Write the data below out exactly as it stands. Do not include the pictures.

(Given data Opens)

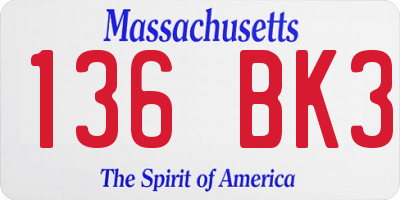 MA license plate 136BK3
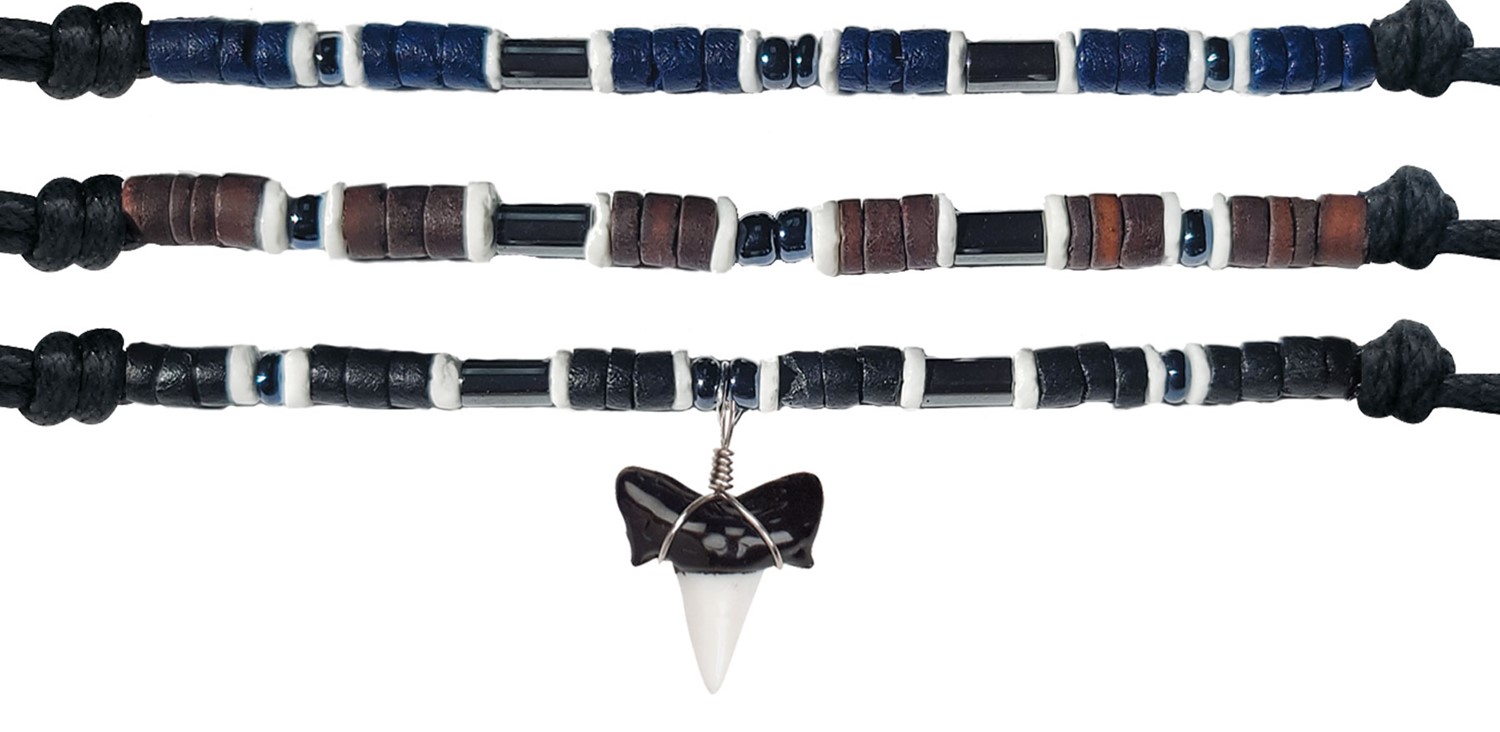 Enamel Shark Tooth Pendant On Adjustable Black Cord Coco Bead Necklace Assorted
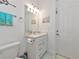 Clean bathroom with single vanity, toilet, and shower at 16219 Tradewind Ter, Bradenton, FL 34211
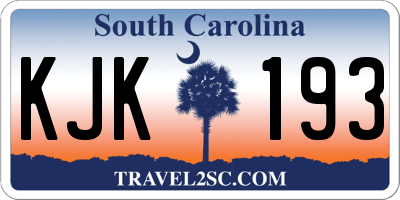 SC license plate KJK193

(Given data Closes)

* **The completed task**
 MA license plate 136BK3
 Enamel Shark Tooth Pendant On Adjustable Black Cord Coco Bead Necklace Assorted
 Clean bathroom with single vanity, toilet, and shower at 16219 Tradewind Ter, Bradenton, FL 34211
 SC license plate KJK193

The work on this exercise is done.